In the records below, the part to copy starts at the line containing "إلى الدعم الفني**" and goes to the last line; output it exactly, without pictures.

Web page caption snippets

#####

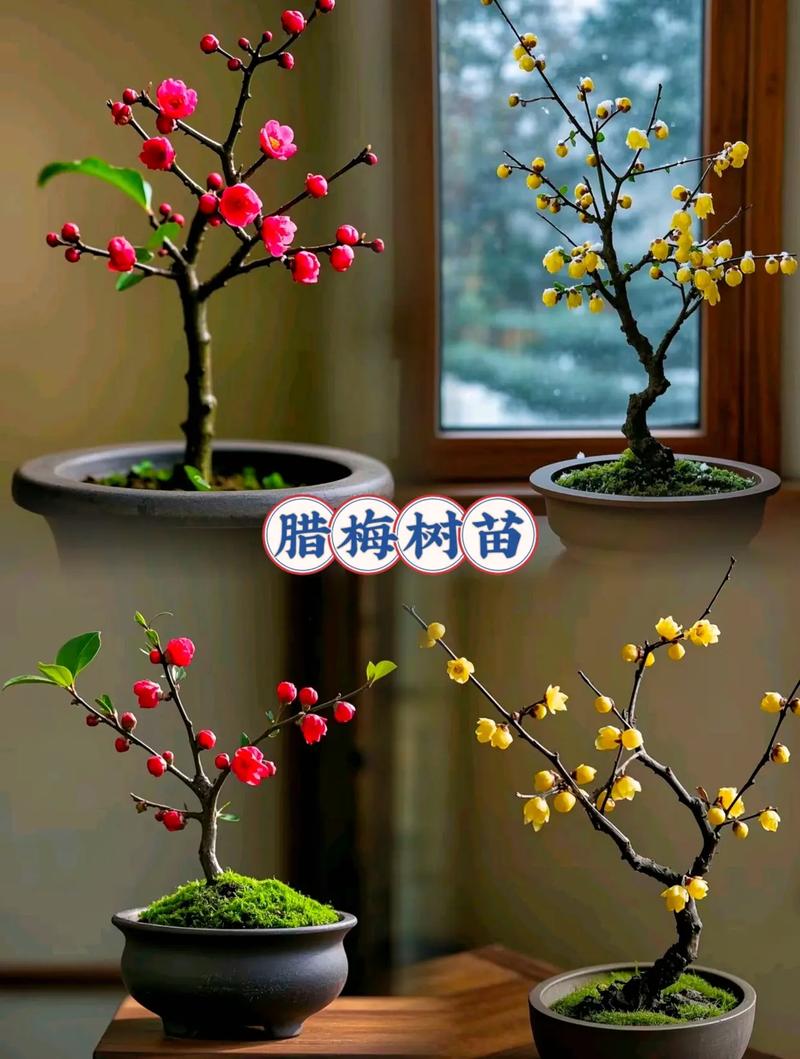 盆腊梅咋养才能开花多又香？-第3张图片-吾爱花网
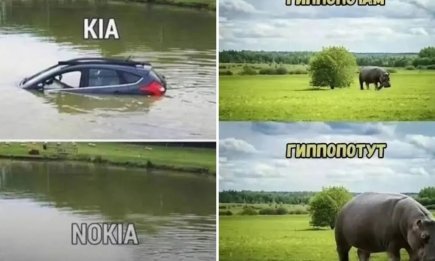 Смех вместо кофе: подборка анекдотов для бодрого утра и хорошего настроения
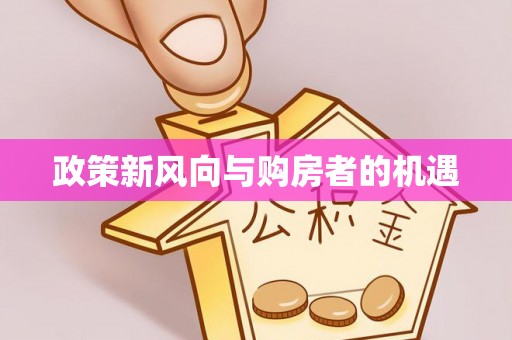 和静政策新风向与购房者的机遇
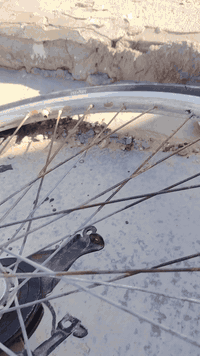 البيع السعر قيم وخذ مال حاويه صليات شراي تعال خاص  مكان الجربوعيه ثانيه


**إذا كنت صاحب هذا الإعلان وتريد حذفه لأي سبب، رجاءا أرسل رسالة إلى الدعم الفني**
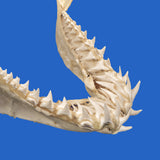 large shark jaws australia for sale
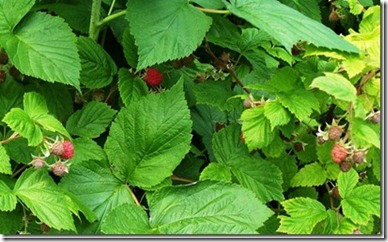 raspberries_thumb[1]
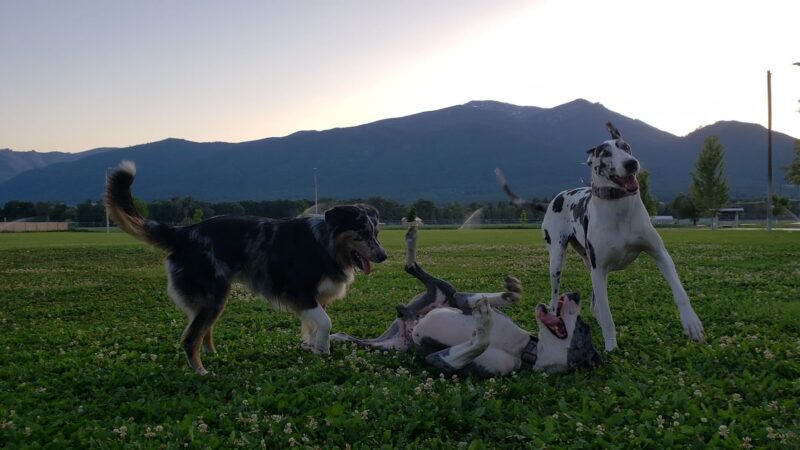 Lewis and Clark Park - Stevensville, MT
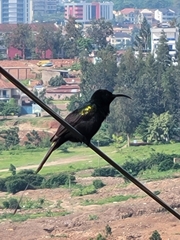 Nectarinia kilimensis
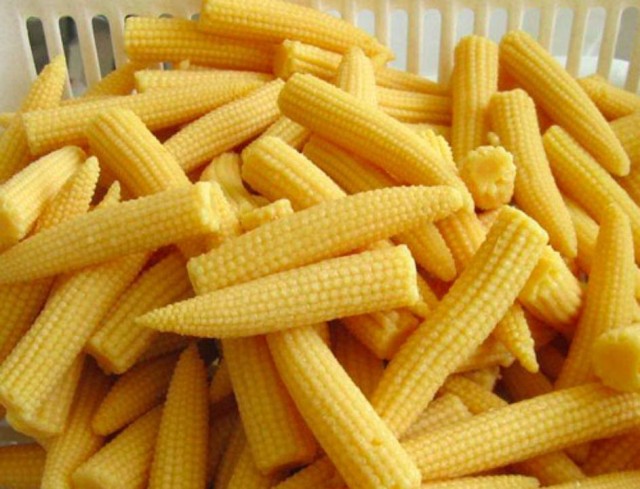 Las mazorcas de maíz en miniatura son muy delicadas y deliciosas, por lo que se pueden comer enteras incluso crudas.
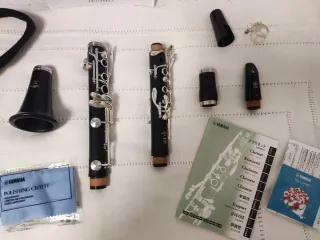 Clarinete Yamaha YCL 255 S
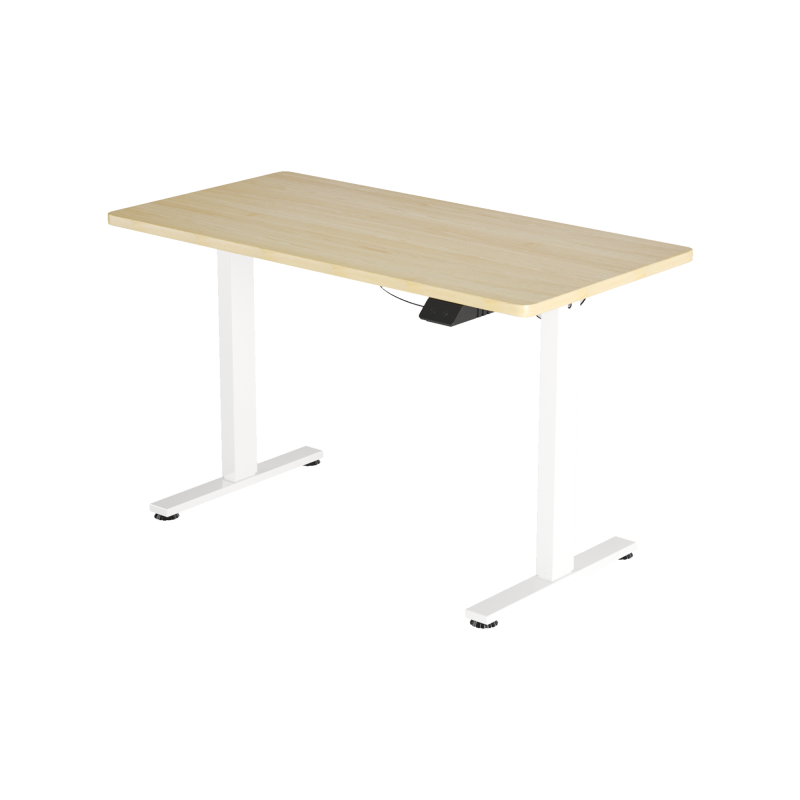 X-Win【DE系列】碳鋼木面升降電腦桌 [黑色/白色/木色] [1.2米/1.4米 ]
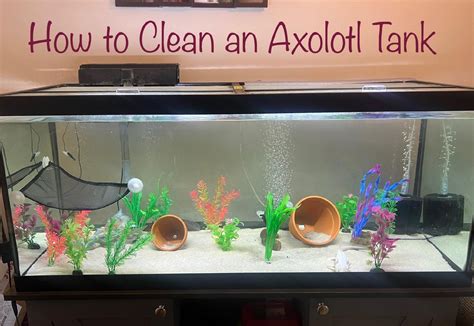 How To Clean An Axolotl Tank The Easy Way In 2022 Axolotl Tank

#####

■ REPLY TO THE EXERCISE:
**إذا كنت صاحب هذا الإعلان وتريد حذفه لأي سبب، رجاءا أرسل رسالة إلى الدعم الفني**
 large shark jaws australia for sale
 raspberries_thumb[1]
 Lewis and Clark Park - Stevensville, MT
 Nectarinia kilimensis
 Las mazorcas de maíz en miniatura son muy delicadas y deliciosas, por lo que se pueden comer enteras incluso crudas.
 Clarinete Yamaha YCL 255 S
 X-Win【DE系列】碳鋼木面升降電腦桌 [黑色/白色/木色] [1.2米/1.4米 ]
 How To Clean An Axolotl Tank The Easy Way In 2022 Axolotl Tank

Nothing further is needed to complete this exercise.